Menu

#17 Unicode support on linux target

open
None
5
2008-01-28
2008-01-17
_root
No

I've discovered that OIS 1.0 (and 1.1 from CVS) does not support unicode characters in KeyEvent's. It grabs a buffer from X using XLookupString() function, and injects the first returned character of that buffer.

I've also discovered that in UTF-8 locale, XLookupString() stores an UTF8-encoded character into the passed buffer.

So, my solution is to set the locale to UTF8, and convert the returned UTF-8 character into unicode (UTF-32).

The included patch does only the second part of work: it assumes that UTF-8 locale is set, and converts the buffer returned from XLookupString to UTF-32 character.

The first part is not so trivial. At the initialization state, we have to call setlocale(LC_CTYPE, "utf8-locale-name"), and we don't know the second parameter. In my program, this work is done in configure script: it finds the first UTF-8 returned from "locale -a". I don't know how this problem should be solved in "OIS style".

Discussion

  • _root

    _root - 2008-01-17

    patch file

     
  • Phillip Castaneda

    Logged In: YES
    user_id=947604
    Originator: NO

    Thanks for posting this. It was always a plan to fully implement proper unicode support :)

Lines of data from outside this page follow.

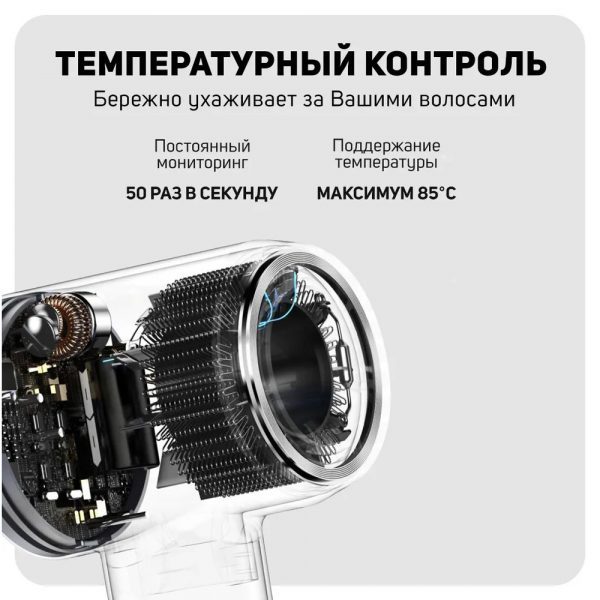 Фен Laifen SE lite, (розовый) — изображение 10
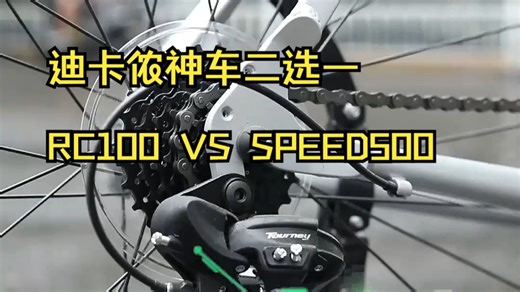 城市通勤神车二选一！打工人实测RC100🆚Speed500，结果太意外！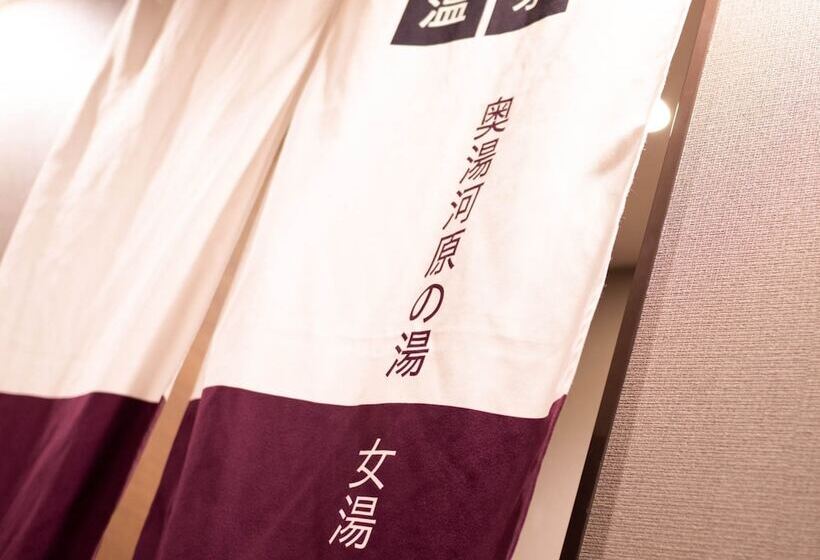 Fotos del hotel Super  Premier Ginza:  24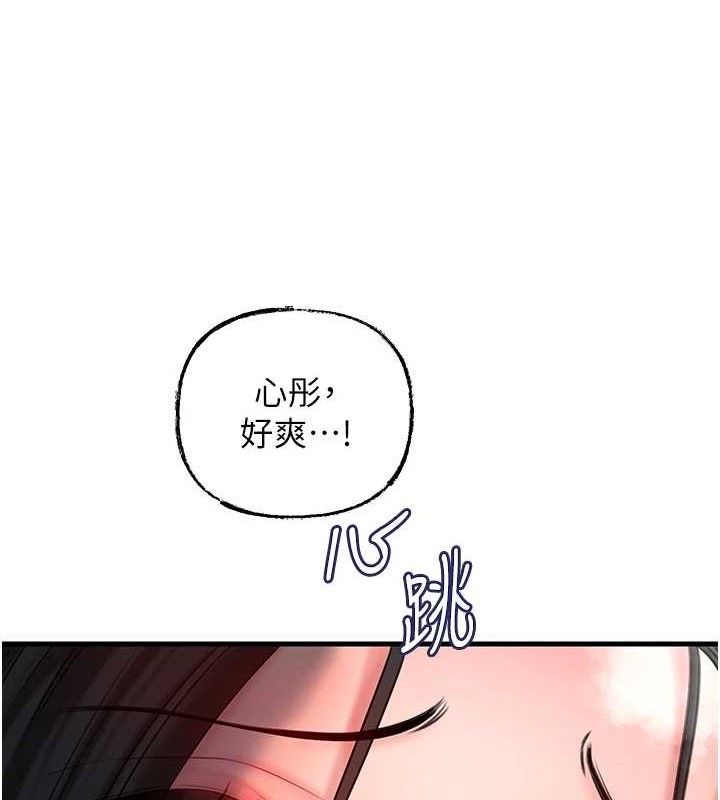 [韩国漫画] 岳母为何那样 剧情,熟女人妻#[103P]-96
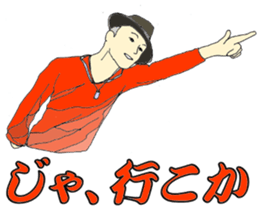 9694871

    Reading up n setlocale seems to state that calling setlocale(LC_CTYPE, "") will set locale based on environment settings. Which, seems to work here. My (from standard Ubuntu install) has LANG set to en us UTF8. So, should work. I modified your patch a little. For Unicode text mode, use your utf8 to utf32 function. For ascii mode, simply use first byte as before... Though, will produce invalid (as in before the patch) characters for multibyte characters. But, provides less processing. And of course, Off will avoid any overhead when not needed.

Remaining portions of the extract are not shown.